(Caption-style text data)
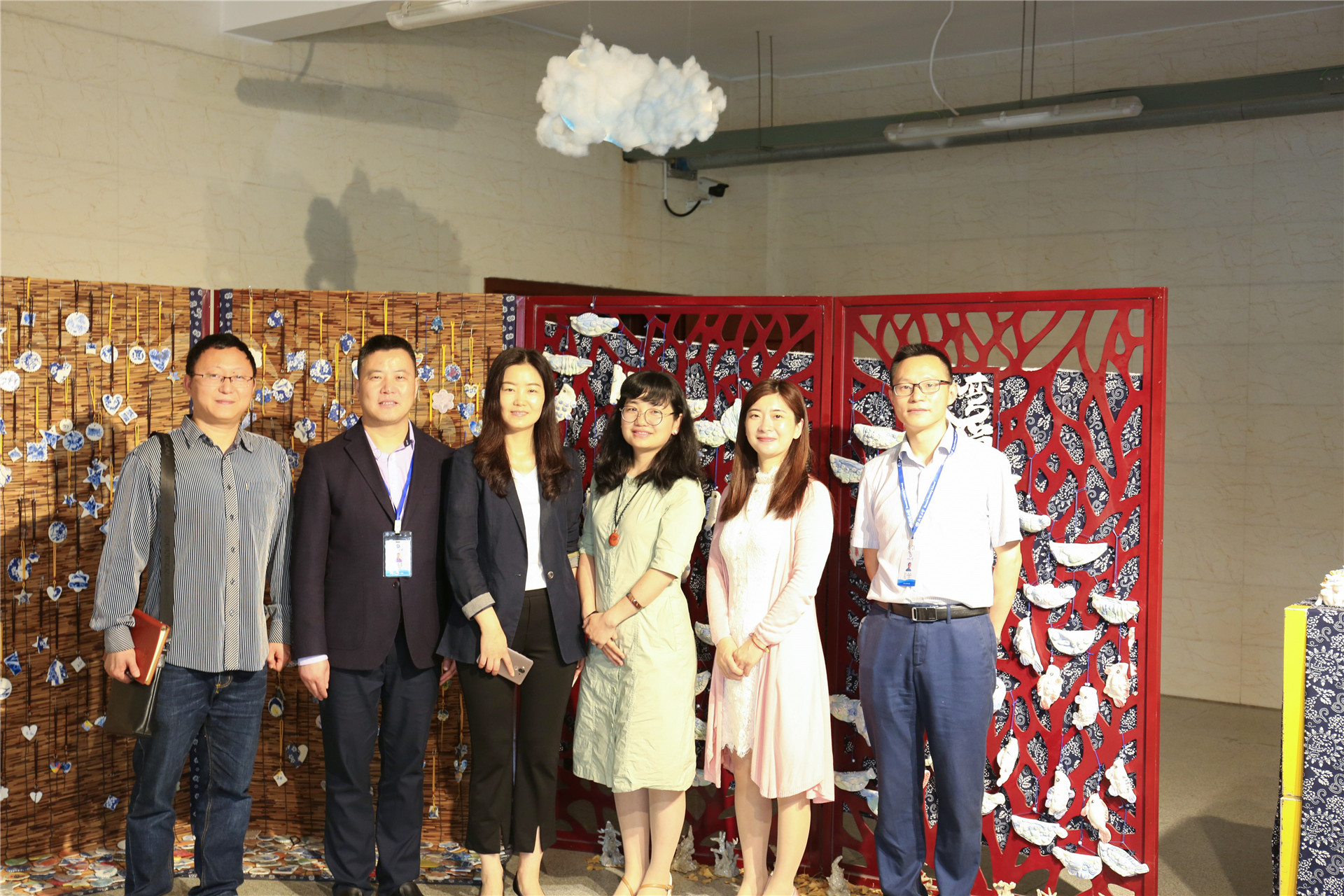 2019-5-15市教科院未来学校调研 (11).JPG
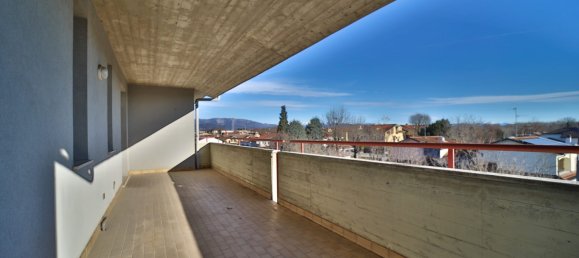 1 غرف نوم شقة في Mezzago, Italy رقم 295085 7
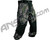 Planet Eclipse 2010 Distortion Paintball Pants - Dig-E-Cam
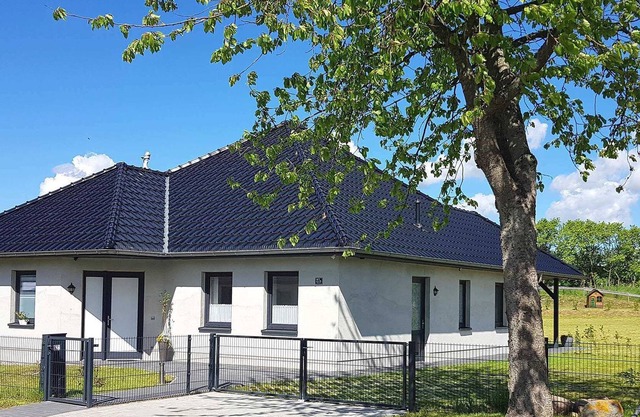Holiday home Grünow SEE 10881 - SEE 10881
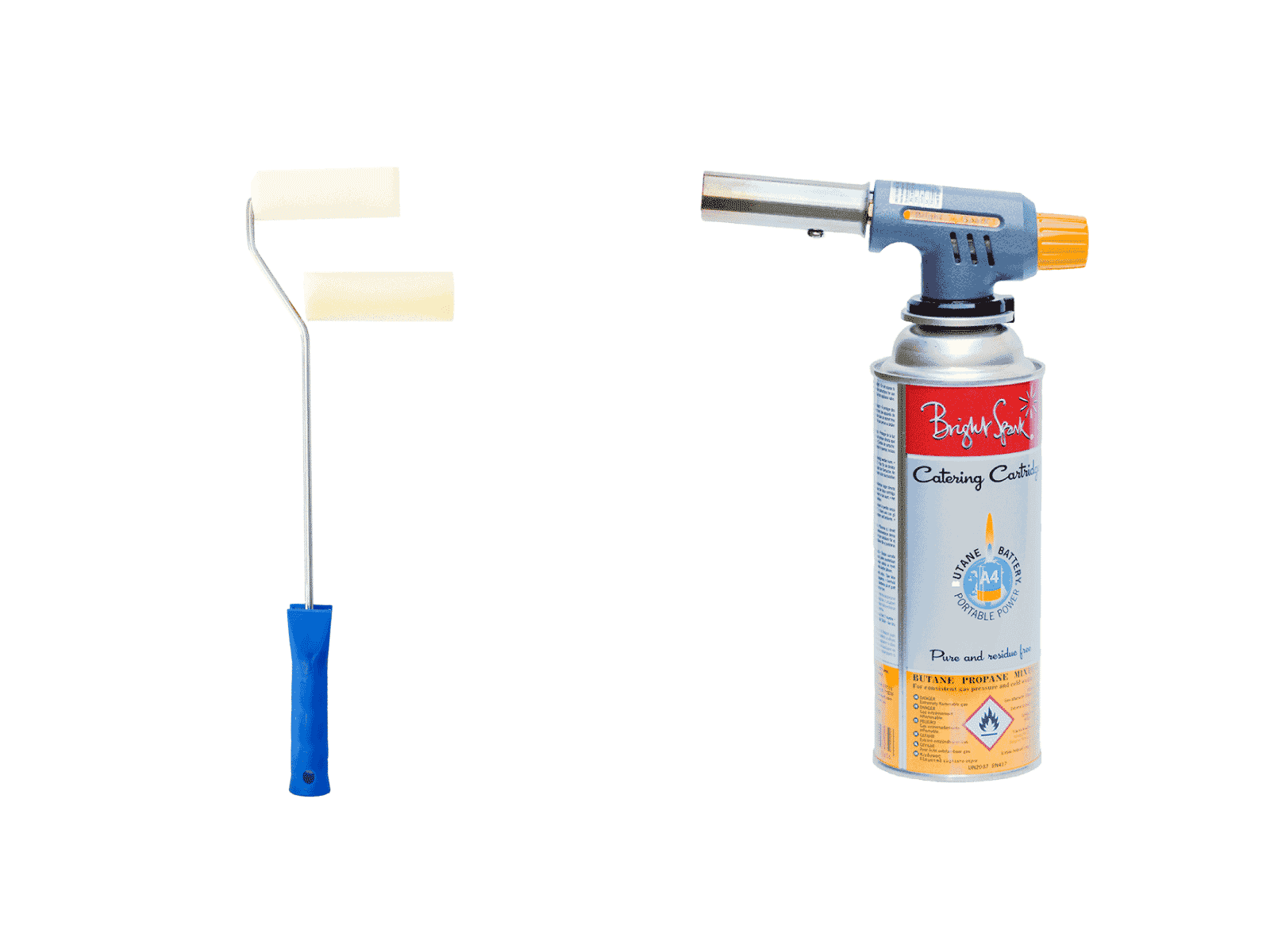 Pro-Sleeve-Starter-Application-Kit Pro-Sleeve-Starter-Application-Kit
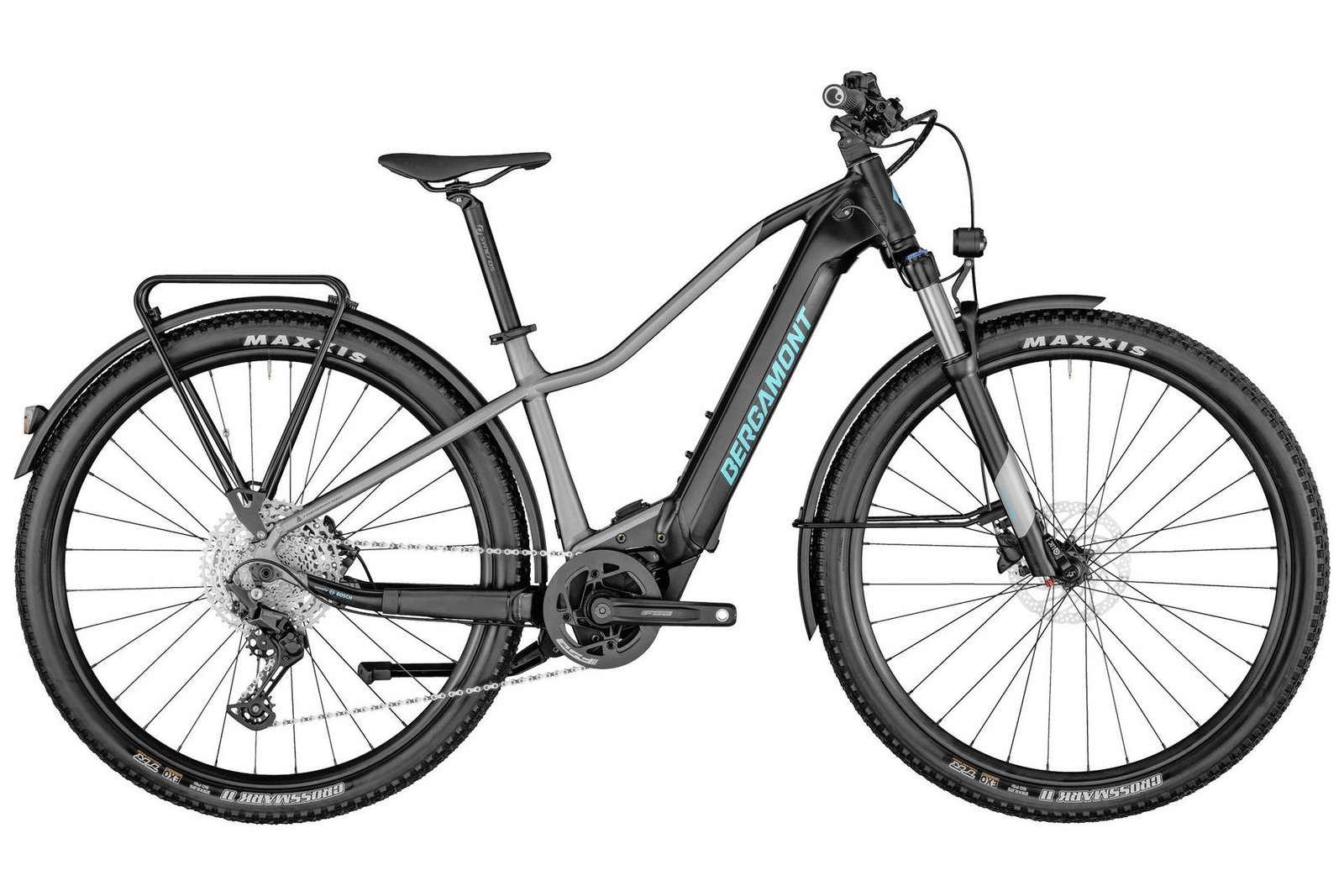 be770243fa5a40ad9a6f18765379a357.jpg Bergamont E-Revox Pro FMN EQ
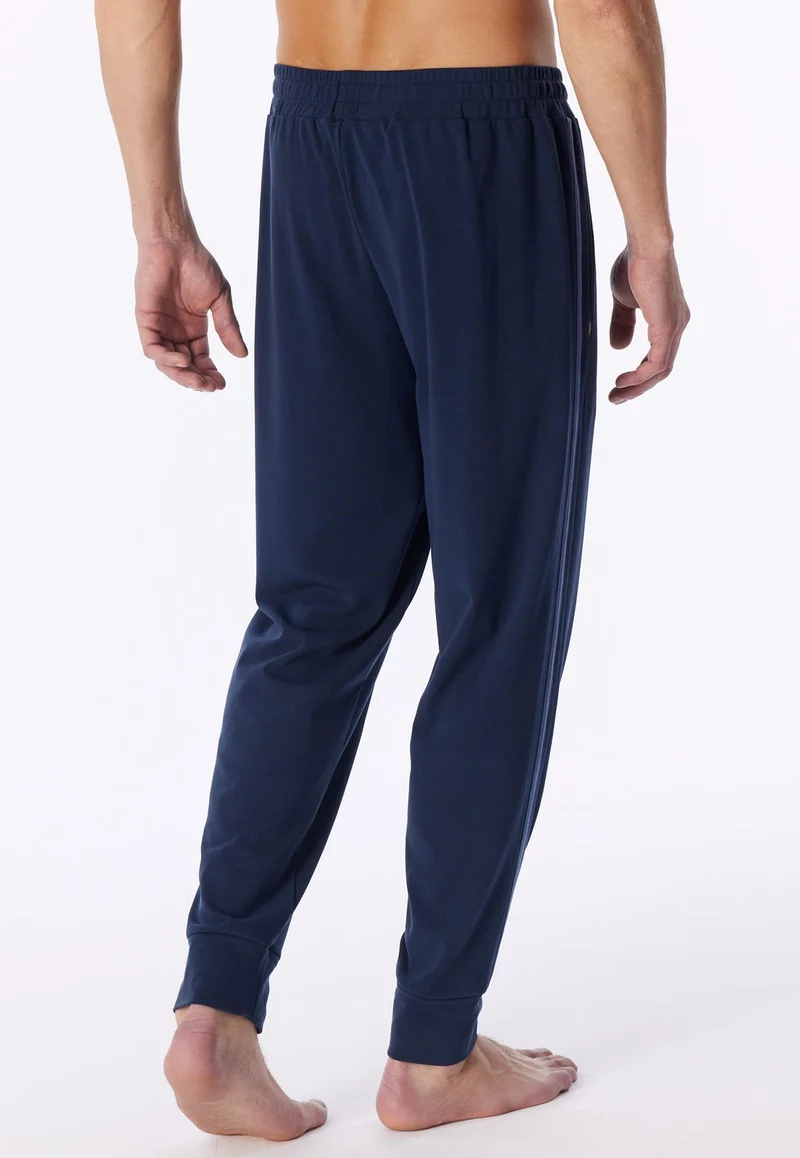Hose lang
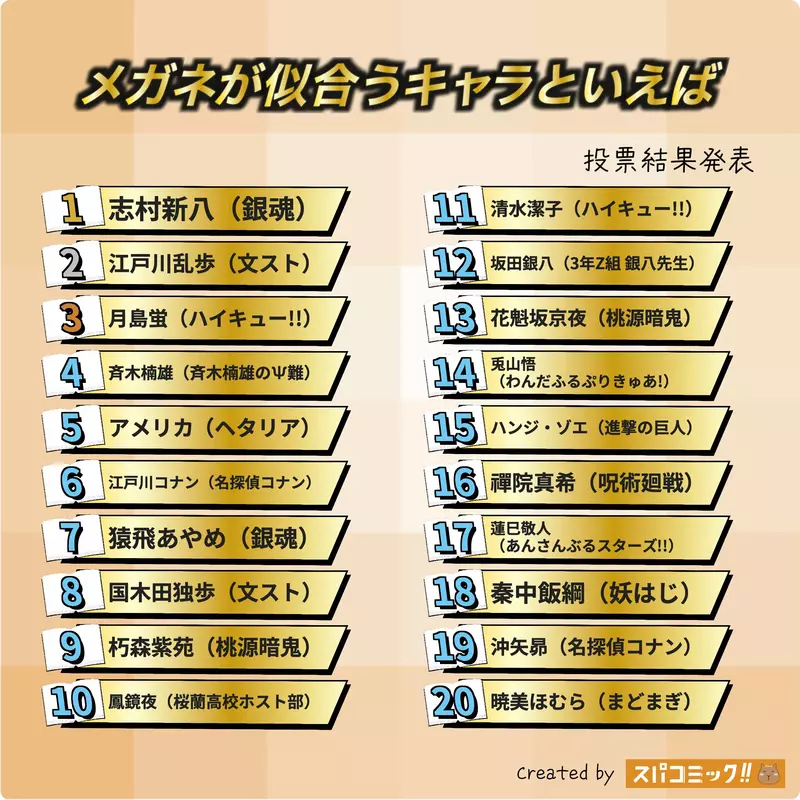 圖片8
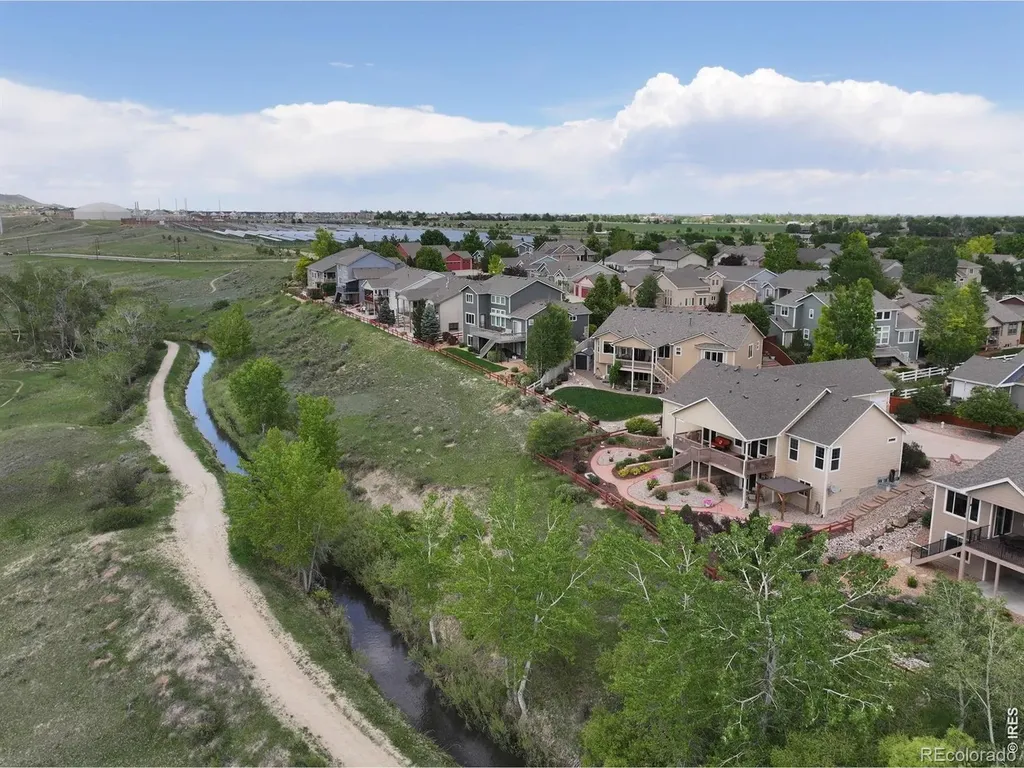 3653 Parlin Court Loveland CO 80538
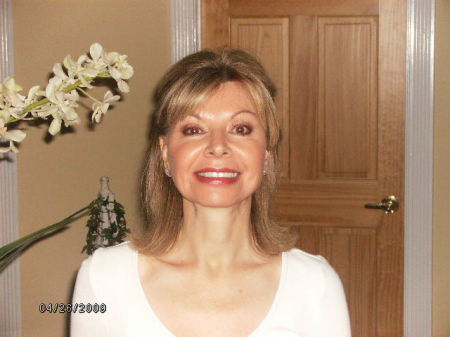 Kathleen Clark Photo 23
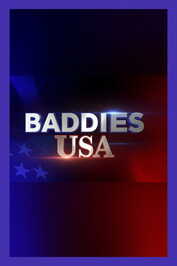 EN - Baddies USA (2025) (US)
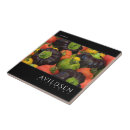 Search for bell tiles Veggies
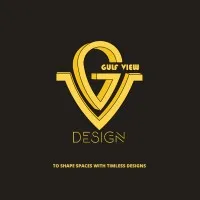Gulf View Design
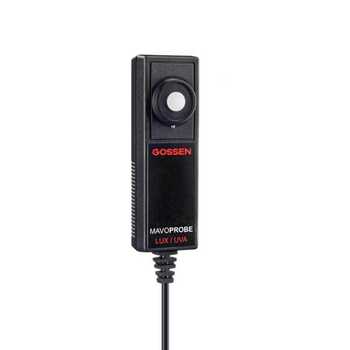 m526g-mavoprobe-lux-uva persp2 20547.jpg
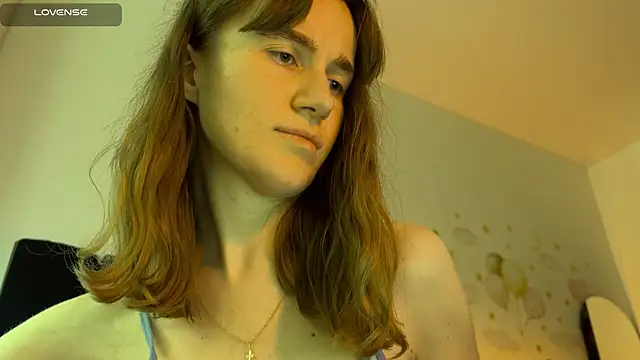 Snapshot of agniia257 chatting on 07/03/26, 03:13 agniia257 online show from 07/03/26, 03:13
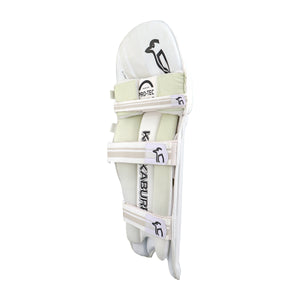 KOOKABURRA PRO 1.0 CLASSIC BATTING PAD – MENS - SportsHQ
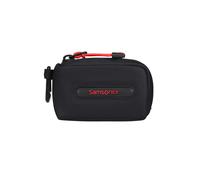 Samsonite Funda para AirPods de Prodiver, 7 cm negro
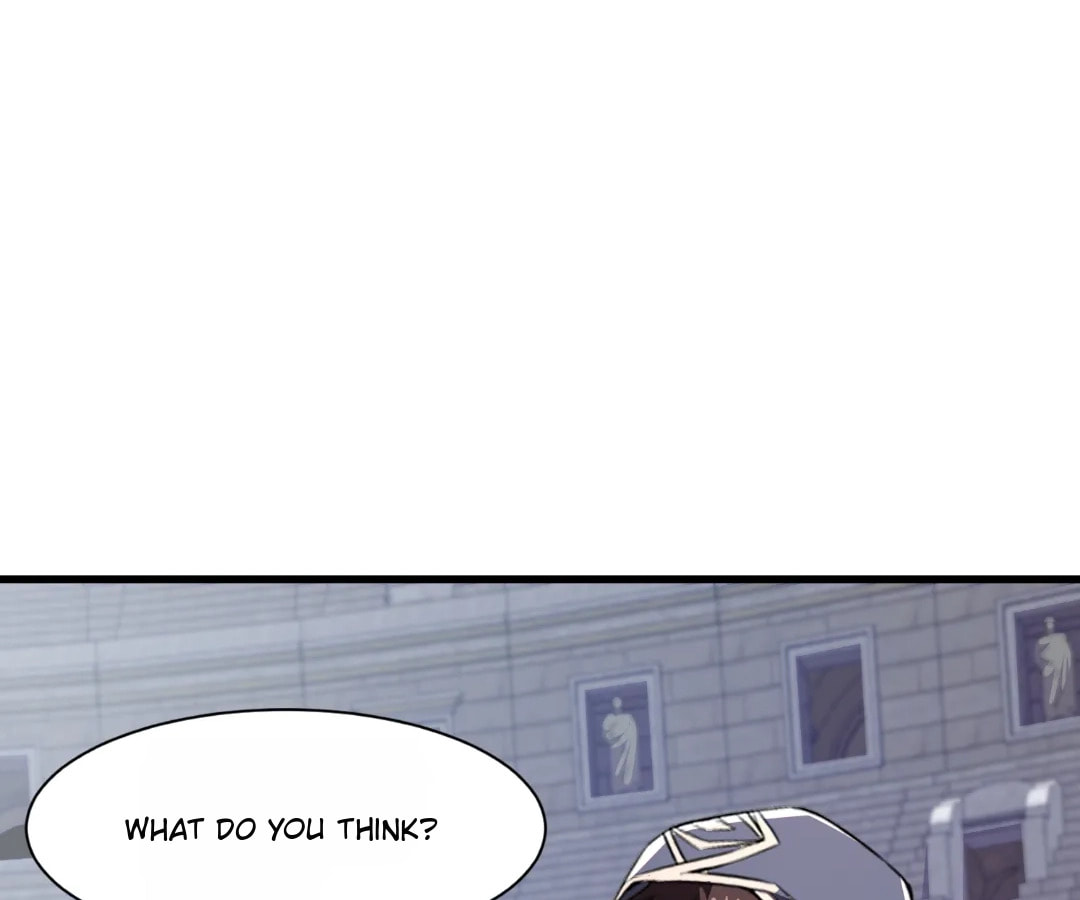 The Ultimate Summoner Chapter 200 page 48 - 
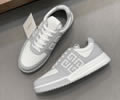 Givenchy Men shoes top quality 1:1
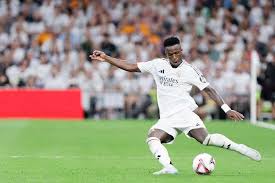 [国]中国U20男取得亚洲杯开门红.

▶ [What you are asked to do] For this exercise, retype the data above exactly and skip every image.

▶ [Exercise output]
 2019-5-15市教科院未来学校调研 (11).JPG
 1 غرف نوم شقة في Mezzago, Italy رقم 295085 7
 Planet Eclipse 2010 Distortion Paintball Pants - Dig-E-Cam
Holiday home Grünow SEE 10881 - SEE 10881
 Pro-Sleeve-Starter-Application-Kit Pro-Sleeve-Starter-Application-Kit
 be770243fa5a40ad9a6f18765379a357.jpg Bergamont E-Revox Pro FMN EQ
Hose lang
 圖片8
 3653 Parlin Court Loveland CO 80538
 Kathleen Clark Photo 23
 EN - Baddies USA (2025) (US)
 Search for bell tiles Veggies
Gulf View Design
 m526g-mavoprobe-lux-uva persp2 20547.jpg
 Snapshot of agniia257 chatting on 07/03/26, 03:13 agniia257 online show from 07/03/26, 03:13
 KOOKABURRA PRO 1.0 CLASSIC BATTING PAD – MENS - SportsHQ
 Samsonite Funda para AirPods de Prodiver, 7 cm negro
 The Ultimate Summoner Chapter 200 page 48 - 
 Givenchy Men shoes top quality 1:1
 [国]中国U20男取得亚洲杯开门红.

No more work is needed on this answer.